Doğumla beraber bebekte beklenen en önemli değişiklik bebeğin gereksinimi olan oksijeni nefes alıp vererek kendi akciğerleriyle sağlaması ve bunu kalp ve damarlarıyla tüm vücuduna aktarmasıdır. Bebeğin bu aşamayı başararak yeni yaşamına uyum sağladığının en önemli göstergesi de tüm cildin parmak uçlarına kadar pembe renge dönüşmesidir. Bebek anne vücudundan ayrıldığında tüm vücudu mor renklidir ve ilerleyen birkaç dakika içerisinde kalp ve akciğerlerinin uyumlu çalışması sonucu oksijen vücudun her noktasına ulaşır ve pembeleşir. Herhangi bir nedenle dokulara yeterli oksijenin sağlanamaması özellikle beyin, kalp ve böbrekler gibi yaşamsal oranlarda kalıcı hasarlara neden olabilir.

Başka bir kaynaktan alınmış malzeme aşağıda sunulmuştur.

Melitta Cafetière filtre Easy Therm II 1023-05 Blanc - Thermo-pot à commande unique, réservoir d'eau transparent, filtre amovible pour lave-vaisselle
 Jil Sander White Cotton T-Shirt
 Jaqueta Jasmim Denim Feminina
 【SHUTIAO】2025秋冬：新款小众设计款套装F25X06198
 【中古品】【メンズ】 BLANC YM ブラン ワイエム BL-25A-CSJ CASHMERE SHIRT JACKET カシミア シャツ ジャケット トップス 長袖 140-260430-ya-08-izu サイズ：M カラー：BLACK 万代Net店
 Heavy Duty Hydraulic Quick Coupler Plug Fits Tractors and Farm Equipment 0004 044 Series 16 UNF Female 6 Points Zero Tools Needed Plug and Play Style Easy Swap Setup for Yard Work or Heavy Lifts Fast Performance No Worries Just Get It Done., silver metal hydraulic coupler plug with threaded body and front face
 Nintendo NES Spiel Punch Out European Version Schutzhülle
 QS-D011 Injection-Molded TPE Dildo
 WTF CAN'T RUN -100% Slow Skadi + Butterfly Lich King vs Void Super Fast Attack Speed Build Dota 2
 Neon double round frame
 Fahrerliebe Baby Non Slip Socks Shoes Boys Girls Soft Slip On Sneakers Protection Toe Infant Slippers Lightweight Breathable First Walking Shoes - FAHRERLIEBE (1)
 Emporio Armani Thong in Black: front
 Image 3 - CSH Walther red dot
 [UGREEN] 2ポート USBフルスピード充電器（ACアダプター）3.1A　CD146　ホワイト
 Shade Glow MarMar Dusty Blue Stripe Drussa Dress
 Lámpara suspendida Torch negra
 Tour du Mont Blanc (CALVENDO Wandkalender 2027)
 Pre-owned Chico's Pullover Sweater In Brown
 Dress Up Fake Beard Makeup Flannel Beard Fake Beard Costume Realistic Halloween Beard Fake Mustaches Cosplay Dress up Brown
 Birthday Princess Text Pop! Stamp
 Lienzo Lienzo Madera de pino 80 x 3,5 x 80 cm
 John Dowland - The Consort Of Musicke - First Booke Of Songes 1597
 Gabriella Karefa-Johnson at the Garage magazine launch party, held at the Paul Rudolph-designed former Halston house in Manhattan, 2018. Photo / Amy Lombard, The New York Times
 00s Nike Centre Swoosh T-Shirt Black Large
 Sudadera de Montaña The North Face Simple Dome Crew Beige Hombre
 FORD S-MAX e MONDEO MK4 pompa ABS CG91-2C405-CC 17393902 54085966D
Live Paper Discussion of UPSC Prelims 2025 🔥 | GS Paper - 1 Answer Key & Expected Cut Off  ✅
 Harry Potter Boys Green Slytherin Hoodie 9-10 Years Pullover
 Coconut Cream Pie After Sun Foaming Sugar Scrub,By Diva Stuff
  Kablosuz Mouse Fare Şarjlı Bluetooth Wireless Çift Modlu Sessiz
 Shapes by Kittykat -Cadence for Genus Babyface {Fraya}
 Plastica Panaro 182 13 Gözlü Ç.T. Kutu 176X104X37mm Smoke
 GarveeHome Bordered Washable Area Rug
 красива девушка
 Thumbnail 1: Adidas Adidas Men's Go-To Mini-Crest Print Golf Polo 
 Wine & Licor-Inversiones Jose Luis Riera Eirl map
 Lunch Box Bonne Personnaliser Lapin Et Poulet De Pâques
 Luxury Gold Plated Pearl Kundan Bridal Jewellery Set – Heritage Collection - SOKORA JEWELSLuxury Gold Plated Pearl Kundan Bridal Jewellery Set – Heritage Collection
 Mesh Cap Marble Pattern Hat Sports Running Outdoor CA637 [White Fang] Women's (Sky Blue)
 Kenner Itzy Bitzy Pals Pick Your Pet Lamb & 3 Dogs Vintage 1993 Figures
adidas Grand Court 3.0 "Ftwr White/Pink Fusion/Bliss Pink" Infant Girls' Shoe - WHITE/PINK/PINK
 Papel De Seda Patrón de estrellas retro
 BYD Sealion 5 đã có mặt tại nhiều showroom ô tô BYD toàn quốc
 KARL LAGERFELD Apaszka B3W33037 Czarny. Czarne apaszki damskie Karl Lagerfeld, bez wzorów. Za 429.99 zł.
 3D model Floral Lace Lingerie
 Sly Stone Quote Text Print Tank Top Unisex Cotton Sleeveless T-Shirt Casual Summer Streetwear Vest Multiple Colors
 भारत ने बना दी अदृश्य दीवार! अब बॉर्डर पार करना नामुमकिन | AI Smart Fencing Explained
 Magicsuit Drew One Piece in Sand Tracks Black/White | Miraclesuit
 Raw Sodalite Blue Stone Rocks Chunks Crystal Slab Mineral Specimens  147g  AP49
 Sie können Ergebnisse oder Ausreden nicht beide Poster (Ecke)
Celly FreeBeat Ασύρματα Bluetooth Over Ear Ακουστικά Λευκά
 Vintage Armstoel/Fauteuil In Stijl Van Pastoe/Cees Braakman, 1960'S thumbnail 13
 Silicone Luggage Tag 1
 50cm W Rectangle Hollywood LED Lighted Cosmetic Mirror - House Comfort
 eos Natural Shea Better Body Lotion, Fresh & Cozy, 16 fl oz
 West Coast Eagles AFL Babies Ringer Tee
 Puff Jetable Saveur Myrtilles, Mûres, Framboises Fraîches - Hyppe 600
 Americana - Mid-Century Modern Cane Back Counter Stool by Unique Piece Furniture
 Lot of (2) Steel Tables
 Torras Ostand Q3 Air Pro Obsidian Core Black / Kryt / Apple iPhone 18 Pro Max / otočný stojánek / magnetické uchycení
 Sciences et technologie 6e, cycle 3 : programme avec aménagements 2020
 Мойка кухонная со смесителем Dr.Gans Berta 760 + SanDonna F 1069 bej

Doğum sonrası ilk dakikalarda yaşama uyum sürecini nümerik olarak değerlendiren yöntem APGAR skorlaması olarak isimlendirilir. İsmini skorlama sistemini geliştiren Virginia Apgar isimli doktordan almaktadır. APGAR skorlaması 1,5 ve 10. dakikalarda yapılır ve 10 üzerinden değerlendirilir. Solunum, kalp atım hızı, renk, kas tonusu ve uyarılara refleks yanıtın her biri iki tam puan üzerinden değerlendirilir . APGAR skorlama sistemi bebeğin dış yaşam uyum başarısını gösteren oldukça objektif bir tanımlamadır. Onuncu dakikada 8 ve üstü değerler normal kabul edilir. Bunun altındaki değerler sağlıklı yaşam ile bağdaşmadığından bu skora ulaşıncaya kadar bebeğe uygun alet donanımıyla yaşama uyum desteğine devam edilmelidir.

APGAR SKORU

0 1 2
Solunum yok yetersiz var
Kalp atım hızı YOK <100/dk >100/dk
Renk yaygın siyanoz uçlarda siyanoz pembe
Tonus hareketsiz hipotoni iyi
Uyarıya yanıt yok yetersiz iyi

Apgar skorlaması değişik koşullarda yanıltıcı olabilir. Annenin aldığı bazı ilaçlar bebeğin tonusunu, kalp atım hızını ve uyarıya yanıtını etkileyebilir. Doğuştan bazı hastalıklar da APGAR skorunu olumsuz etkileyebilir. Bu nedenle düşük APGAR skorlu bebeklerde aile öyküsü ve bebeğin muayenesi olası diğer nedenlerin saptanmasına yardımcı olabilir.

Apgar skorunun 5. Dakikadan sonra bile yedinin altında olması veya skorun çok geç (20 dakikadan sonra) 8-10 arasına yükselmesi bebeğin dış ortama uyumunda ciddi sorunları olduğunu ve olası nedenin yaşamsal organların (beyin kalp ve akciğer) olumsuz etkilendiği ve ileriye dönük kalıcı hasarlar olabileceğini gösterir. Spastik bebek dediğimiz sorunlu çocukların önemli bir kısmı bu duruma örnek olabilir.

Doğum anında deneyimli bir ekibin olması olası düşük APGAR ile doğabilecek çocukların dış ortama uyumunda sağlayacağı katkı kaçınılmazdır. Bu nedenle tüm doğumların uygun yardımın sağlanacağı koşullarda yapılması bebeğin sağlıklı büyüme ve gelişimi için şarttır.